Known Issues on JUWELS

This page collects known issues affecting JUWELS's system and application software.

Please note: The following list of known issue is intended to provide a quick reference for users experiencing problems on JUWELS. We strongly encourage all users to report the occurence of problems, whether listed below or not, to the user support.

Application launch failures: Timeout waiting for task launch

Added: 2018-07-28

Description: Launch of applications may fail on JUWELS with the error message:

kvsprovider[3227]: Timeout: Not all clients called
pmi_init(): init=XXX left=YYY round=9
srun: error: timeout waiting for task launch, started XXX of YYY tasks

The problem is caused by a slow startup resulting in a termination after several minutes as a precaution. The issue is observed particularly with larger allocations and higher numbers of MPI tasks per node. Please note that the system will attempt 10 rounds before terminating the application but will report a warning in each round. If the number of rounds reported (round=X) is less then 9 and the following srun: error message is not shown, the message will not affect the following execution of your application.

Status: Resolved. Please note that a small number of kvsprovider warning messages may still occur from time to time, e.g., when the file systems are heavily loaded. This does not affect the execution of the application.

MPI failure: pscom_con_setup_ok() : connection in wrong state

Added: 2018-07-28

Description: The application terminates with the message:

<PSP:r0000XXX:pscom_con_setup_ok() : connection in wrong state : closed (openib)>

The error message may be followed by additional Fatal errors reported by MPI.

Status: Resolved.

MPI failure: Other MPI error or read from socket failed

Added: 2018-07-28

Description: The application terminates with (for example):

Fatal error in MPI_Allreduce: Other MPI error, error stack:
MPI_Allreduce(907).......:
MPI_Allreduce(sbuf=MPI_IN_PLACE, rbuf=0x7fff32a31410,
count=1, MPI_INT, MPI_SUM, MPI_COMM_WORLD) failed
mpid_irecv_done(107).....: read from socket failed -
request state:recv(pde)doneFatal error in MPI_Allreduce:
Other MPI error, error stack:
MPI_Allreduce(907).......:
MPI_Allreduce(sbuf=MPI_IN_PLACE, rbuf=0x7fffbae01710,
count=1, MPI_INT, MPI_SUM, MPI_COMM_WORLD) failed

The problem does not always occur, i.e., for two identical job executions the problem may occur only in one

Status: Open. Due to recent system optimizations this

Workaround/Suggested Action: No known workaround.

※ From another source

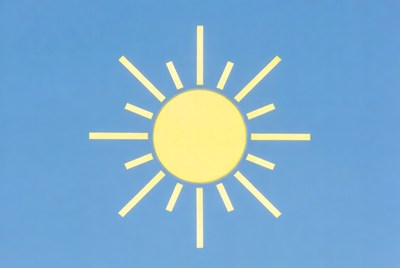 Yellow Sun on Blue Background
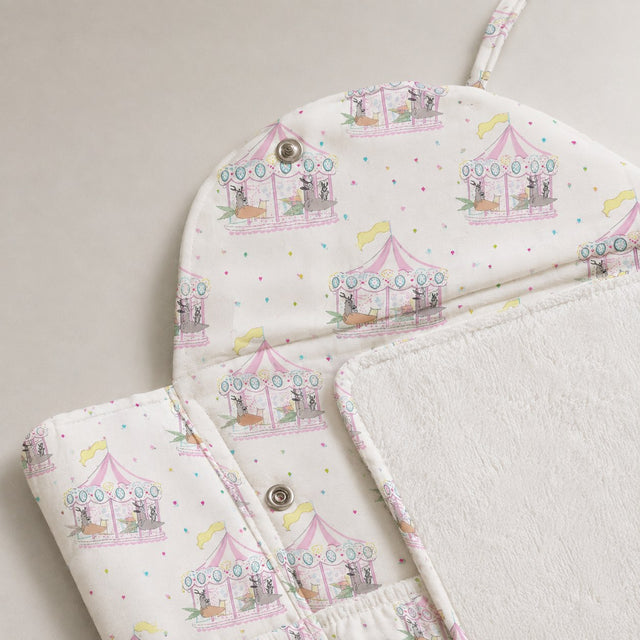 Merry-Go-Round bamboo baby changing mat — absorbent sherpa backing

Hanging applications in MPI I/O

Added: 2018-07-28

Description: Applications hang in MPI I/O without progress. The problem occurs with ParaStation MPI and Intel MPI.

Status: Open.

Workaround/Suggested Action: No known workaround.

Variations in runtime/performance

Added: 2018-08-09

Description: In some cases variations in runtime/performance of certain codes have been reported.

If you encounter such a case please let us know via sc@fz-juelich.de. Please include data which illustrates your case.

Status: Open.

MPI_Gather and MPI_Gatherv hang with Intel MPI 18.02

Added: 2018-08-25

Description: With the latest Intel MPI 2018 version, MPI_Gather hangs for large message sizes. MPI_Gatherv does not terminate as well.

Status: Workaround implemented.

Workaround/Suggested Action: Mitigating environment variables have been added to the module file.

Collectives in Intel MPI 2019 can lead to hanging processes or segmentation faults

Added: 2018-11-27

Description: Problems with collective operations and Intel MPI 2019 have been observed. Segmentation faults in MPI_Allreduce, MPI_Alltoall, MPI_Alltoallv have been reproduced. Hangs in MPI_Allgather, MPI_Allgatherv have been observed. As the occurrence is dependent on the underlying dynamically chosen algorithm in the MPI implementation, the issue may or may not be visible depending on job and buffer sizes. Hangs in MPI_Cart_create call have been reported, likely due to problems with the underlying collective operations.

Status: Open.

Workaround/Suggested Action: Please use Stage 2018a with Intel MPI 2018.